◆ WHAT IS NEEDED: Instruction for the data below: set down exactly the lines from the line with "Chickiwithglasses avatar" to the line with "Apartment, 3 Bedrooms, Smoking, Balcony", inclusive, and no others.

◆ DATA FOR THIS TASK:
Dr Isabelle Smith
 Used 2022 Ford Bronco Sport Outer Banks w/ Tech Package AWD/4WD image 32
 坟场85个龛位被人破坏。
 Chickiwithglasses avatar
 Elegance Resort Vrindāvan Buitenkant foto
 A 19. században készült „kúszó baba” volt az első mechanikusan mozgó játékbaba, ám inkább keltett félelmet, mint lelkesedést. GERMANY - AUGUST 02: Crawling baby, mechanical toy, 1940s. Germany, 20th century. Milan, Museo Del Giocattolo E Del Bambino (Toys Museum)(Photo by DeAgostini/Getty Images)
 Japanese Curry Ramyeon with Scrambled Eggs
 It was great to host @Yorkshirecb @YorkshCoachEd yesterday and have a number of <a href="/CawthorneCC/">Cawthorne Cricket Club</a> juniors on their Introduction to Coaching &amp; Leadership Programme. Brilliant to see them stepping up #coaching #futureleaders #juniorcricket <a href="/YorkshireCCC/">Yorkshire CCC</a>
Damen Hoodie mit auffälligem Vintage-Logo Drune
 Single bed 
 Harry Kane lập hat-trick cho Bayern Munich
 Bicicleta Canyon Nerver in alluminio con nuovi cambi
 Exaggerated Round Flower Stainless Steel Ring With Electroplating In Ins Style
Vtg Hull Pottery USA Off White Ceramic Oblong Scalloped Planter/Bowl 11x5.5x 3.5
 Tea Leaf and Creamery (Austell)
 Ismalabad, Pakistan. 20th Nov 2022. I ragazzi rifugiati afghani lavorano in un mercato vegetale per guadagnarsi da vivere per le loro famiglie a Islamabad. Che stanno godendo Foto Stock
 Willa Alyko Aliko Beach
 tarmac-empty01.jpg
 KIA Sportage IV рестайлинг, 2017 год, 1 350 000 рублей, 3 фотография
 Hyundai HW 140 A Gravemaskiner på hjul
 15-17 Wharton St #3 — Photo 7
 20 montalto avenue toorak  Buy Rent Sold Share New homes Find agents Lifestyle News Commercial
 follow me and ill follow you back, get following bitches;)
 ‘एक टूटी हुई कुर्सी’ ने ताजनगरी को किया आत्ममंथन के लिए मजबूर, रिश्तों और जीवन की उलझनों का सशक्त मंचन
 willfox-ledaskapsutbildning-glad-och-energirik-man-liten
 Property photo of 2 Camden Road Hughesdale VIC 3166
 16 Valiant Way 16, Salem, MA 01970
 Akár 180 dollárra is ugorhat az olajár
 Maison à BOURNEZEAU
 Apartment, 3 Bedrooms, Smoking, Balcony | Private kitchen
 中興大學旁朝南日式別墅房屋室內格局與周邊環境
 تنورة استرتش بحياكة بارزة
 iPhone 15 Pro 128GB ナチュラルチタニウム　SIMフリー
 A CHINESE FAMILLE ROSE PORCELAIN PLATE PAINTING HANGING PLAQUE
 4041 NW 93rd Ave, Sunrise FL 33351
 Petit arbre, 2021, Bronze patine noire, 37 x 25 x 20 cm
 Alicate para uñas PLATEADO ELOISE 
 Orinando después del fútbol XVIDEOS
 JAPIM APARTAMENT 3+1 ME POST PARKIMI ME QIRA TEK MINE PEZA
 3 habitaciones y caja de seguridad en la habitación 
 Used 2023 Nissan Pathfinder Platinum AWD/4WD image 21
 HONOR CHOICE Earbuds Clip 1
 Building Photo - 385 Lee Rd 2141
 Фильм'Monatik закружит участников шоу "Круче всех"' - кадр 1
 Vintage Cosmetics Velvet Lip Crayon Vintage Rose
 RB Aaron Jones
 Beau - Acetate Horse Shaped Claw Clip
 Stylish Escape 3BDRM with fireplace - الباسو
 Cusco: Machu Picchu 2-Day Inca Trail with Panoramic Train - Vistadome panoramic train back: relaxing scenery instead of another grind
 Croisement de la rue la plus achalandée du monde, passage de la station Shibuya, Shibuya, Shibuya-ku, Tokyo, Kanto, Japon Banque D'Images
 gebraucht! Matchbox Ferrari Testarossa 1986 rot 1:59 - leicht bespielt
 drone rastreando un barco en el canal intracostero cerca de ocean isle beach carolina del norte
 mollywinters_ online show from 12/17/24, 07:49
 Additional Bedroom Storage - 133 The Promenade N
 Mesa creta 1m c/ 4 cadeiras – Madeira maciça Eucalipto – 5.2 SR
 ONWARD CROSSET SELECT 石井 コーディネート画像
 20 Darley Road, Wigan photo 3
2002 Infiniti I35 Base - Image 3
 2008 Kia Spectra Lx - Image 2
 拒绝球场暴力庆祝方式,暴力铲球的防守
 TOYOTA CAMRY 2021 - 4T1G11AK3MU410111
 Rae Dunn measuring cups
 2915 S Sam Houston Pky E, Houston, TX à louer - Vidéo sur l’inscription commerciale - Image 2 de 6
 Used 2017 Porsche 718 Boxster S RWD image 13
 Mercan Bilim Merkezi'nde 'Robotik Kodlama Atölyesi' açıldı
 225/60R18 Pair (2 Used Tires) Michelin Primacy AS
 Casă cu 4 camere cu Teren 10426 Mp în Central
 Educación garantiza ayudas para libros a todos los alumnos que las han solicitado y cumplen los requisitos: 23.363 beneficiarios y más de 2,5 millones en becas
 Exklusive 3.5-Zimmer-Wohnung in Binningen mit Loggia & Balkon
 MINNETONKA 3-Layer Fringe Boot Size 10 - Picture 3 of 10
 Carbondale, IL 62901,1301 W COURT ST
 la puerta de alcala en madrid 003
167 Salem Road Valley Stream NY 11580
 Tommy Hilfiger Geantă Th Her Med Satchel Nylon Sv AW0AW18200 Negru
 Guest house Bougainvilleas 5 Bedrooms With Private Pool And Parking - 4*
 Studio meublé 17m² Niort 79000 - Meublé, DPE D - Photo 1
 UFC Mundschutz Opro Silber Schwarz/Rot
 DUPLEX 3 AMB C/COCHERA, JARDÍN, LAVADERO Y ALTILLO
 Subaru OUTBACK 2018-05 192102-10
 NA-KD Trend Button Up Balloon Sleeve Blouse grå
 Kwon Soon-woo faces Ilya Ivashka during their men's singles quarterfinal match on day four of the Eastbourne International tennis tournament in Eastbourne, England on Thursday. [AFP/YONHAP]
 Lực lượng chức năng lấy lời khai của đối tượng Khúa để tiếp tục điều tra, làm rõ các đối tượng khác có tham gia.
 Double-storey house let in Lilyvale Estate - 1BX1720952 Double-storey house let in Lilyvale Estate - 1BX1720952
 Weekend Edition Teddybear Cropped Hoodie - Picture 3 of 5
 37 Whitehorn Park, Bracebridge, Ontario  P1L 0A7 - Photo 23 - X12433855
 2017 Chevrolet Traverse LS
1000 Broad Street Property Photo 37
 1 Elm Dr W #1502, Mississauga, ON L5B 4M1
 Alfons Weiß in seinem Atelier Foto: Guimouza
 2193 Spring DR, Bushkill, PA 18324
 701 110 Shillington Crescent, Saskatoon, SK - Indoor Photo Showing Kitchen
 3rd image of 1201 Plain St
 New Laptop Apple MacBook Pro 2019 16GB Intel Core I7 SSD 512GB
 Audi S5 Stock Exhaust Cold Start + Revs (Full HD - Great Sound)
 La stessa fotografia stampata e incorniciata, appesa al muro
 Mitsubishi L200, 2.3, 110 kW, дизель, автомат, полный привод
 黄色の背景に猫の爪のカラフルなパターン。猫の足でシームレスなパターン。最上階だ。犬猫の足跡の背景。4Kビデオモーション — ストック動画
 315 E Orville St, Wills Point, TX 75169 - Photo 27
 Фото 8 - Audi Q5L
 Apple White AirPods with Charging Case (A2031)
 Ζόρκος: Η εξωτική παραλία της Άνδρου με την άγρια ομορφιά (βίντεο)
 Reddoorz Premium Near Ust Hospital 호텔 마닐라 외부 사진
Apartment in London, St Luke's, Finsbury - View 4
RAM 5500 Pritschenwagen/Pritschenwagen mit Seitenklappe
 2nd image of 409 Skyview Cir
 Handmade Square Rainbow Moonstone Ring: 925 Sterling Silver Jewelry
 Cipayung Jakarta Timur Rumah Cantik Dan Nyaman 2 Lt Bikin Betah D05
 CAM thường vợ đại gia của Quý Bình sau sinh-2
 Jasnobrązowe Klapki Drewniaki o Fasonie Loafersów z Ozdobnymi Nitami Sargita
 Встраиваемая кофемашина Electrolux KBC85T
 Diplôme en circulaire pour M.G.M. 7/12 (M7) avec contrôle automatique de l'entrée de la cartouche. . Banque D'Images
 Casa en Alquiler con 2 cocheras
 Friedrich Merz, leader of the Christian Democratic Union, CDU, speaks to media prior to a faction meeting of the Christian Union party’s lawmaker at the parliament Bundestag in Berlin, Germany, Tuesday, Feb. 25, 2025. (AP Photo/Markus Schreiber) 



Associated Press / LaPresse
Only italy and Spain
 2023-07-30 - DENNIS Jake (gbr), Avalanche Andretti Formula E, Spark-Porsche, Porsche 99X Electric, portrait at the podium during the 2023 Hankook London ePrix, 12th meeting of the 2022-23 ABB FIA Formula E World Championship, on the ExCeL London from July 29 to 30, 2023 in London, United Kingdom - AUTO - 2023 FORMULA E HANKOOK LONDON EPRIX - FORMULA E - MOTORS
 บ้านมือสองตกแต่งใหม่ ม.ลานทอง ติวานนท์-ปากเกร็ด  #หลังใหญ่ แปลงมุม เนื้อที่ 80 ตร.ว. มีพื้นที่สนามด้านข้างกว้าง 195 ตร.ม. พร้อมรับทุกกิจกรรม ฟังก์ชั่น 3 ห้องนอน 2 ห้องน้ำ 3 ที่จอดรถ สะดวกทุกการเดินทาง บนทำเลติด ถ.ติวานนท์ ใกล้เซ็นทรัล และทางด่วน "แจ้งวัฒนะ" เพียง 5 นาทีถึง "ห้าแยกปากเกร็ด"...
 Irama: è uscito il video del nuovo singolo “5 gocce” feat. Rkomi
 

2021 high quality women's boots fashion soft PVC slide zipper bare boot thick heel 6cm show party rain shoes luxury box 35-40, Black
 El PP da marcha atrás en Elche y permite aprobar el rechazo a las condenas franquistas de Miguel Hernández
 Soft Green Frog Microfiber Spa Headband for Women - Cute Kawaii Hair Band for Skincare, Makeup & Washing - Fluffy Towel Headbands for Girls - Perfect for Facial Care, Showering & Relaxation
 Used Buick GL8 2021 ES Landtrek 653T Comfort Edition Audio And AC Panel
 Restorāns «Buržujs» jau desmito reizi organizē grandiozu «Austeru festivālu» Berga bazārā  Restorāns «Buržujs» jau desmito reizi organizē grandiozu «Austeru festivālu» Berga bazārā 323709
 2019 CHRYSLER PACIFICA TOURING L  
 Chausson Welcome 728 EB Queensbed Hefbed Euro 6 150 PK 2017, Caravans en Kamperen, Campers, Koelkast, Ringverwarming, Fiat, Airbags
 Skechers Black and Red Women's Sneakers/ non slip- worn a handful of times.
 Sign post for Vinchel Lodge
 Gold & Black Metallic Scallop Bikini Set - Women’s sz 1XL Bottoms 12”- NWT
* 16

◆ SOLUTION TO THIS PROBLEM:
 Chickiwithglasses avatar
 Elegance Resort Vrindāvan Buitenkant foto
 A 19. században készült „kúszó baba” volt az első mechanikusan mozgó játékbaba, ám inkább keltett félelmet, mint lelkesedést. GERMANY - AUGUST 02: Crawling baby, mechanical toy, 1940s. Germany, 20th century. Milan, Museo Del Giocattolo E Del Bambino (Toys Museum)(Photo by DeAgostini/Getty Images)
 Japanese Curry Ramyeon with Scrambled Eggs
 It was great to host @Yorkshirecb @YorkshCoachEd yesterday and have a number of <a href="/CawthorneCC/">Cawthorne Cricket Club</a> juniors on their Introduction to Coaching &amp; Leadership Programme. Brilliant to see them stepping up #coaching #futureleaders #juniorcricket <a href="/YorkshireCCC/">Yorkshire CCC</a>
Damen Hoodie mit auffälligem Vintage-Logo Drune
 Single bed 
 Harry Kane lập hat-trick cho Bayern Munich
 Bicicleta Canyon Nerver in alluminio con nuovi cambi
 Exaggerated Round Flower Stainless Steel Ring With Electroplating In Ins Style
Vtg Hull Pottery USA Off White Ceramic Oblong Scalloped Planter/Bowl 11x5.5x 3.5
 Tea Leaf and Creamery (Austell)
 Ismalabad, Pakistan. 20th Nov 2022. I ragazzi rifugiati afghani lavorano in un mercato vegetale per guadagnarsi da vivere per le loro famiglie a Islamabad. Che stanno godendo Foto Stock
 Willa Alyko Aliko Beach
 tarmac-empty01.jpg
 KIA Sportage IV рестайлинг, 2017 год, 1 350 000 рублей, 3 фотография
 Hyundai HW 140 A Gravemaskiner på hjul
 15-17 Wharton St #3 — Photo 7
 20 montalto avenue toorak  Buy Rent Sold Share New homes Find agents Lifestyle News Commercial
 follow me and ill follow you back, get following bitches;)
 ‘एक टूटी हुई कुर्सी’ ने ताजनगरी को किया आत्ममंथन के लिए मजबूर, रिश्तों और जीवन की उलझनों का सशक्त मंचन
 willfox-ledaskapsutbildning-glad-och-energirik-man-liten
 Property photo of 2 Camden Road Hughesdale VIC 3166
 16 Valiant Way 16, Salem, MA 01970
 Akár 180 dollárra is ugorhat az olajár
 Maison à BOURNEZEAU
 Apartment, 3 Bedrooms, Smoking, Balcony | Private kitchen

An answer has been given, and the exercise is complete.